Estaba asegurada su presencia por medio de la Palabra, de otras acciones sacramentales y litúrgicas, de la Jerarquía, de la unidad en el amor de los cristianos reunidos en su nombre. Pero, aun así, podía haber otra presencia substancial y personalizada, con su cuerpo y su alma y su sangre y su divinidad. Y la hubo en la Eucaristía.

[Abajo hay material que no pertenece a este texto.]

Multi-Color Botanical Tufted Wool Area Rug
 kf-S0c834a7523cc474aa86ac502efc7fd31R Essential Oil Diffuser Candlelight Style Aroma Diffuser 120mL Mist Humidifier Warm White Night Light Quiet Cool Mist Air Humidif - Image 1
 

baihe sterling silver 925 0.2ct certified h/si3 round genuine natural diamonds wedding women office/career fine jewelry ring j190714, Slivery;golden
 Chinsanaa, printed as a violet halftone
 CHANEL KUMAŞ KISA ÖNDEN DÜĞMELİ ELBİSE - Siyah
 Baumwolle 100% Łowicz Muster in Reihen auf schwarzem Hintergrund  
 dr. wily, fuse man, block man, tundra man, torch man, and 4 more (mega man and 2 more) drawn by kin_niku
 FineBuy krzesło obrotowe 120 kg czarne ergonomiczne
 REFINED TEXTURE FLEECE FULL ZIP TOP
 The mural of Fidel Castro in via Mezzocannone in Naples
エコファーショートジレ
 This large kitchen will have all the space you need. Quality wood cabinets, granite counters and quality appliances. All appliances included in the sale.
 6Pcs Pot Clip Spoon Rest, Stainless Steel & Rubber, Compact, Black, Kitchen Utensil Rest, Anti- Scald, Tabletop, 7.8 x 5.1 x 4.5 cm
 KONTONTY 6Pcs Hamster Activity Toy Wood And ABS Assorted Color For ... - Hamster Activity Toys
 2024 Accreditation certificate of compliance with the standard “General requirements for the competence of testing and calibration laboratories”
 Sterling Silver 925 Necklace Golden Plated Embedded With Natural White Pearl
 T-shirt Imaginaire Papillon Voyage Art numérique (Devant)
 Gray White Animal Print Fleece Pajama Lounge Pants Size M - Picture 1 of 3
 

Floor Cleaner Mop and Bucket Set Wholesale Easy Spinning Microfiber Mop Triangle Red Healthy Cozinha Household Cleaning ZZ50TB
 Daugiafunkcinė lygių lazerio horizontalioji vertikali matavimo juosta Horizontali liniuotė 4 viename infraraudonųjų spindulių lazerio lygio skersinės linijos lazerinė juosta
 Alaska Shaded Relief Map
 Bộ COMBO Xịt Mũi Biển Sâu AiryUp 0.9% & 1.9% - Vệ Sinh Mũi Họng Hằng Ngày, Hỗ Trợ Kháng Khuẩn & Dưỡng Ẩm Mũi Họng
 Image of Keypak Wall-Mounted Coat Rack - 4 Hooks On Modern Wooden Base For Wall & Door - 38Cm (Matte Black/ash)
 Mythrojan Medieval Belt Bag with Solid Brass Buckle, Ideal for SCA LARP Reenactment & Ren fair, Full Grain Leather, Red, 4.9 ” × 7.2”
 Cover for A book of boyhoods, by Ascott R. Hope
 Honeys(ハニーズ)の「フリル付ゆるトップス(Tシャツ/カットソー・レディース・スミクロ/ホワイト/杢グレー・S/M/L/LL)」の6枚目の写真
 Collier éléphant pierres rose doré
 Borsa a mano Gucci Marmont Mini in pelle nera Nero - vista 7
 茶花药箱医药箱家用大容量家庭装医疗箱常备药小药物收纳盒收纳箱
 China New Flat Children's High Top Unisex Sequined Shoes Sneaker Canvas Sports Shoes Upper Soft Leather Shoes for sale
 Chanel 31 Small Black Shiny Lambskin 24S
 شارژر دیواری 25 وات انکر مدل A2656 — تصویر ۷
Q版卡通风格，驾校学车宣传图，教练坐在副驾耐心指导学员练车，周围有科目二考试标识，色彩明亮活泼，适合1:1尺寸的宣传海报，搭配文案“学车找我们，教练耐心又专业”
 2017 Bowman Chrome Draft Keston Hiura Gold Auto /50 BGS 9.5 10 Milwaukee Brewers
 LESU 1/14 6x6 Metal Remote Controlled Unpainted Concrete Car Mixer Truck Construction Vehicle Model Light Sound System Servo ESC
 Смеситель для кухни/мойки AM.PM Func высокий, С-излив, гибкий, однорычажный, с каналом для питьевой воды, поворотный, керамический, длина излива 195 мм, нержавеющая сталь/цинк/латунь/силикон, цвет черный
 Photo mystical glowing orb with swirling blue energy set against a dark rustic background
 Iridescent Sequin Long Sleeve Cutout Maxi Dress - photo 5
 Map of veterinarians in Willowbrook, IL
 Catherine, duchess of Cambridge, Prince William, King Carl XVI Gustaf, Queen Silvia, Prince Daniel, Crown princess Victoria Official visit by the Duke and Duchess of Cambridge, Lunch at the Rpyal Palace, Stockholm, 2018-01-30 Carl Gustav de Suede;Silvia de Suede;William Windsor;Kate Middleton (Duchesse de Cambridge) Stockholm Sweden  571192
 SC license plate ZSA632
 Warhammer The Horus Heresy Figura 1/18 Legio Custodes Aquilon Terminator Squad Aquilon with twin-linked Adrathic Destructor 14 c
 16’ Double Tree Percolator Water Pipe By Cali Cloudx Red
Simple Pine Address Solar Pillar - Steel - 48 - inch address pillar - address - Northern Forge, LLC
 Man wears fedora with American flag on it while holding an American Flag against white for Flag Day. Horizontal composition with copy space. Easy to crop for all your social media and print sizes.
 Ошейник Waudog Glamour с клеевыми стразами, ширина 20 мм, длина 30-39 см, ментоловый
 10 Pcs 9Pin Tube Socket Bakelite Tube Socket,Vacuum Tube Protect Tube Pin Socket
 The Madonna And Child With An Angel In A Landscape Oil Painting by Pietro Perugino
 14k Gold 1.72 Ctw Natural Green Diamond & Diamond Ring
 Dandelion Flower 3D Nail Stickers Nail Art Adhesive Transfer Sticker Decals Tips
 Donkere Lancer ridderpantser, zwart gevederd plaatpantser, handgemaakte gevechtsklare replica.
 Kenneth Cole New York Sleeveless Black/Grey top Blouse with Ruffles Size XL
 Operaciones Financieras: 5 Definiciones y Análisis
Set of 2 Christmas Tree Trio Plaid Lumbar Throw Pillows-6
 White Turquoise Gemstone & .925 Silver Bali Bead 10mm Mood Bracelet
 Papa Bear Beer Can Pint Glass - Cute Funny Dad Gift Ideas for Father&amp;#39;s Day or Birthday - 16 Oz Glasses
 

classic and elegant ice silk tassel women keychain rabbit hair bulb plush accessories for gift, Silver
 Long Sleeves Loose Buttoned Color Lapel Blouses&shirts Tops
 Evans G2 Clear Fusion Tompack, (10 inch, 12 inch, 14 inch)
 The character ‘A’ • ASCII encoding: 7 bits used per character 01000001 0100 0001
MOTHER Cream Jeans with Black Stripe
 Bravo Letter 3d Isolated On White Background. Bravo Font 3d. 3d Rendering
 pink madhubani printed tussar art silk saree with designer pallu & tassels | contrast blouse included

El cristiano de corazón sencillo y creyente, una vez que entiende algo de lo que la fe de la Iglesia le propone en este misterio, rompe la zona oscura que le envuelve y se coloca de un golpe junto al Corazón de Cristo, como Juan en la última cena. Y ya no le importan las oscuridades. Anhela esa presencia y se siente a gusto con ella. Todo el Evangelio se le echa encima con su carga amorosa, y recuerda que Cristo prometió su Carne y su Sangre como comida y bebida; que lo cumplió en la Pascua que celebró con los Apóstoles; que murió en la cruz por nosotros; que nos buscó con infinito amor, que quiso y quiere salvarnos con su misericordia, fortalecernos en nuestra miseria y ayudarnos a vencer la tentación para no caer en el pecado. Y al recordarlo todo, llega a parecerle lo más natural del mundo, aunque sea tan sobrenatural, que se haya quedado con nosotros como se quedó en la Eucaristía. A eso es a lo que llamo el calor de vida que encierra el misterio eucarístico.
Os felicito, adoradores. Si el hablar de la Eucaristía es ya en sí mismo un gozo para todo sacerdote, para mí lo es aún mayor en esta ocasión en que celebramos el Centenario de la Adoración Nocturna en España. Los hombres que sabéis adorar sois los que mejor comprendéis el sentido profundo de la vida religiosa, es decir, de la relación con Dios. Vuestras rodillas son vuestras alas, os diré con palabras de Gertrudis von Le Fort. Y, en ese vuelo tantas veces repetido, habéis sabido ascender hasta este Sacramento del Amor de los amores. Cien años ya desde que la Adoración se constituyó oficialmente en España. ¿Quiénes fueron los primeros adoradores? ¿En qué ciudad y en qué templo empezaron su vida los primeros turnos? ¿Cómo fue creciendo la Obra año tras año? ¿Qué extensión alcanzó o qué paralizaciones ha sufrido después? Datos importantes todos éstos que son o pueden ser conocidos. Pero yo no me voy a entretener en ello. Se me ha pedido que os hable de La Eucaristía y el compromiso del amor fraterno. Intentaré hacerlo.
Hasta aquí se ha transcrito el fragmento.